Altas temperaturas ambientales en época de vendimia que aceleran los procesos biológicos y físico-químicos producidos en la uva y en el mosto, así como para las temperaturas de fermentación: los vinos evolucionan con bastante rapidez. 

Estas condiciones proporcionan muy buenas posibilidades para la elaboración de una amplia gama de vinos: vinos del año blancos, rosados y tintos, vinos para crianza, vinos generosos secos y dulces.

Las graduaciones alcohólicas mínimas son para el blanco 11% vol., para rosados 11'5% vol. y para tintos 12% vol.
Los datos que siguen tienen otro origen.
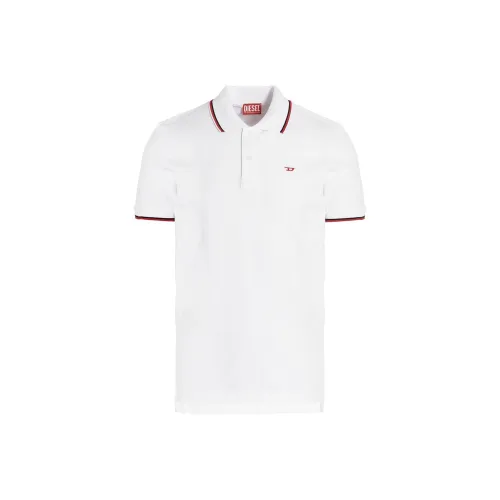 DIESEL T Smith D Cotton Polo Shirt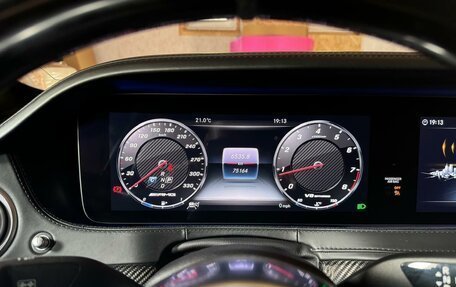 Mercedes-Benz S-Класс AMG, 2018 год, 7 100 000 рублей, 14 фотография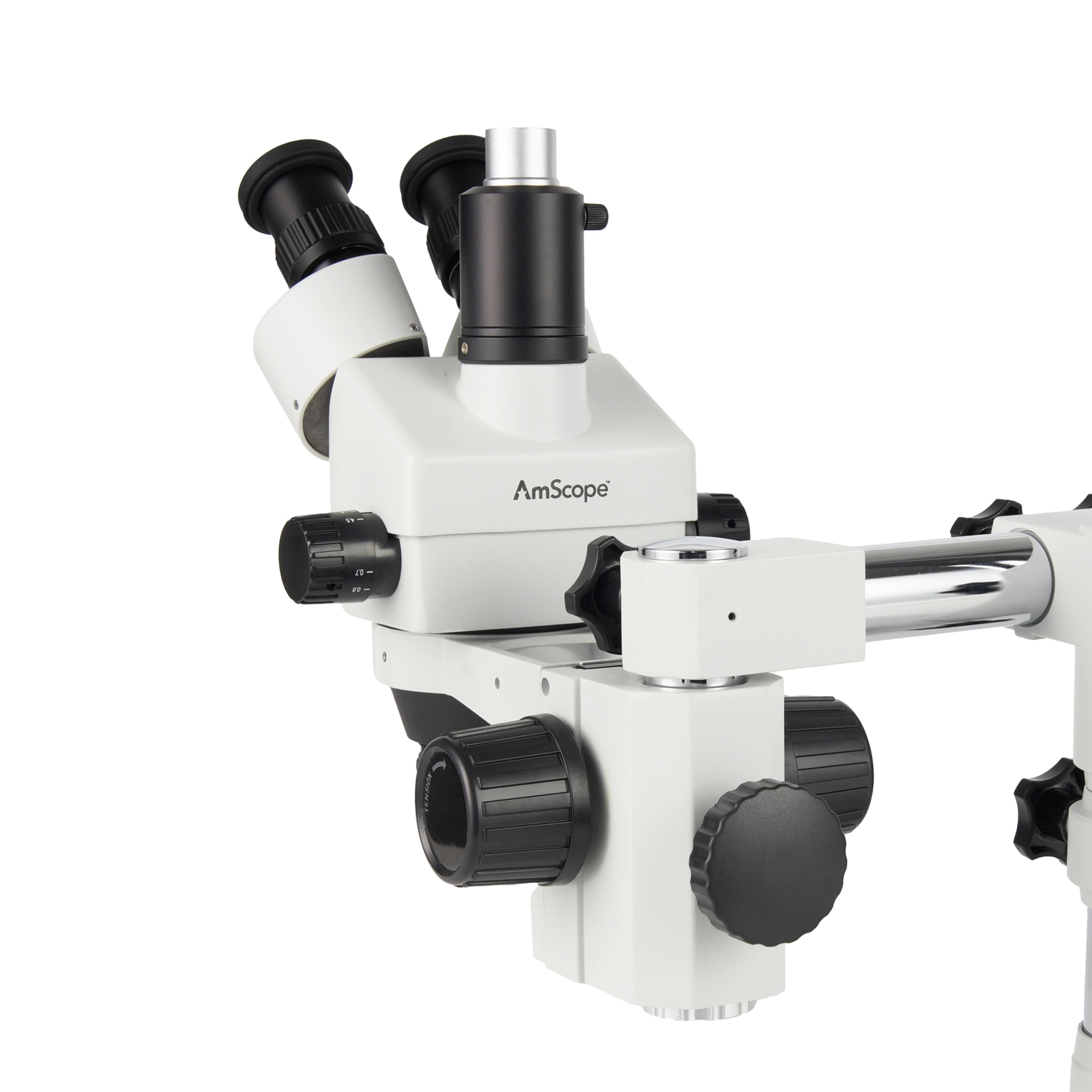 Tête de microscope stéréoscopi - Amscope Microscope Stereo 7X-45X avis et prix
Esta pirámide no es de Egipto


Los vinos rosados, la mayoría obtenidos a partir de la variedad Monastrell, mediante cortas maceraciones entre pulpa y hollejos; exhiben tonalidades rosas, frambuesas y cerezas, con matices morados, de aromas frutosos y elegantes, sabrosos y frescos en boca. 

Los vinos tintos, dominados por la presencia de la uva Monastrell, de fuerte color, generalmente rojo púrpura intenso con ribetes violáceos y muy expresivos y afrutado en nariz (frutos negros, maduros, ciruela...), con taninos vivos en boca y con gran estructura. 

Los vinos tintos de crianza, aparte de la madera bien integrada, son sabrosos, carnosos y de gran complejidad aromática. 

Los vinos tintos dulces, naturales y de licor, vinos brillantes y densos, de gran intensidad de color, con olores a frutos maduros (pasas, higos…) con buenas sensaciones táctiles y muy persistentes en boca, son vinos tradicionales de la zona y de innegable calidad.